Virgilio Guidi (April 4, 1891 – January 7, 1984) was an Italian artist and writer.

He was born in Rome into an artistic family. His father was a sculptor. Guidi received his early training at the Scuola Libera di Pittura in Rome and in 1908 began working as a restorer and decorator. He continued his studies at the Accademia di Belle Arti in Rome, where Armando Spadini influenced him. He had few opportunities to view contemporary French art, and instead immersed himself in the study of artists of the Italian Renaissance such as Giotto, Piero della Francesca, and Correggio, and later masters such as Caravaggio. In 1913, he studied the work of Cézanne. In 1915, he participated in the third exhibition of the Rome Secession.

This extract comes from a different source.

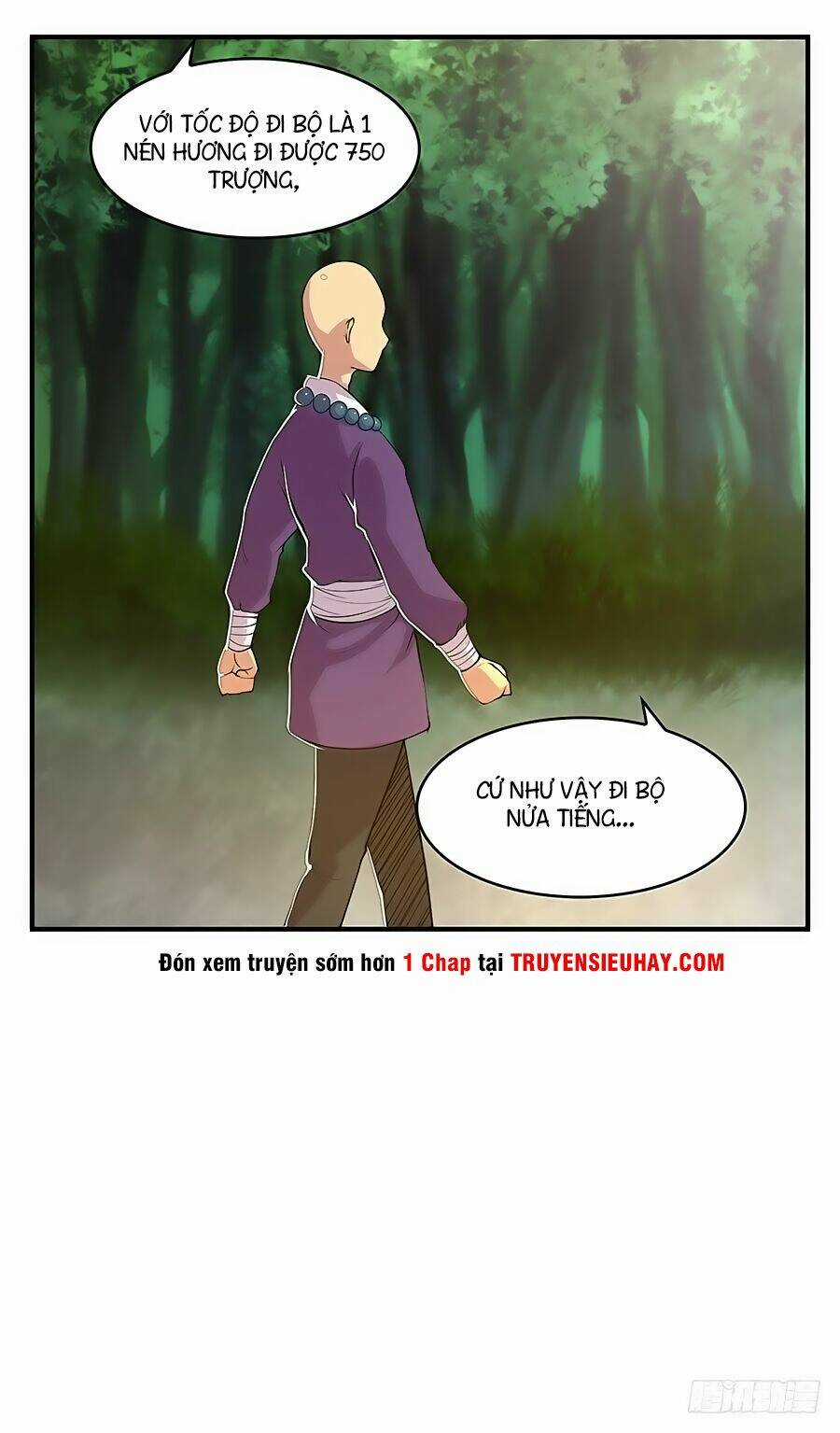 Cuộc Sống Thoái Ẩn Của Võ Lâm Chi Vương Chapter 8 trang 13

During the decade after the war, Guidi painted modern subject matter in a tonality influenced by the Venetians. He gave his figures a timeless appearance by simplifying clothing details and emphasizing volumes. His painting The Visit (1922), which he exhibited at the Venice Biennale of 1922, is one of his many depictions of two women meeting. The composition is reminiscent of a traditional Annunciation, according to Jennifer Mundy, and "marks the end of Guidi's exploration of museum styles and is a confident statement of a new Renaissance-inspired realism in his art." Critical success eluded Guidi until 1924 when he exhibited The Tram (1923) at the Venice Biennale. The painting brought Guidi recognition as a leading artist of the "return to order". In 1925 Franz Roh termed him one of the new magic realists in his book Nach Expressionismus: Magischer Realismus: Probleme der neuesten europäischen Malerei ("After expressionism: Magical Realism: Problems of the newest European painting").

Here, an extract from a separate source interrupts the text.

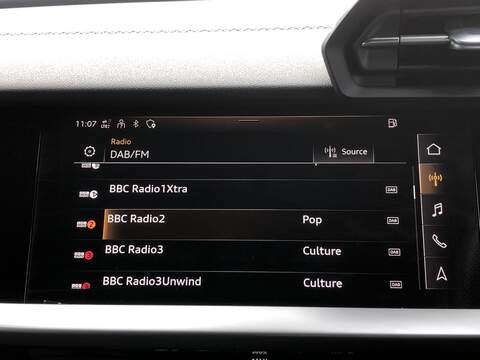 Audi A3 TFSI S line - U1760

Guidi exhibited in the first and second Novecento Italiano exhibitions in 1926 and 1929. In 1927, he married Anita Bernardi, a sculptor. He began teaching at the Accademia di Belle Arti in Venice. In 1933, he visited Paris for the first time. He had his first solo exhibition in Florence in 1932, followed by solo shows in Milan in 1933 and 1936. In 1935, he moved to Bologna.

After World War II, his work was increasingly abstract. In 1950, he became associated with Lucio Fontana and the Spazialismo movement. From the 1950s onward, he produced thematic cycles of paintings, such as Tumulti ("Riots"), Prigioniera ("Prisoner"), Grandi Occhi ("Big Eyes"), Cielo ("Sky"), and Figure agitate ("Agitated Figures").

In 1959, he published a collection of poetry, Spazi dell’esistenza.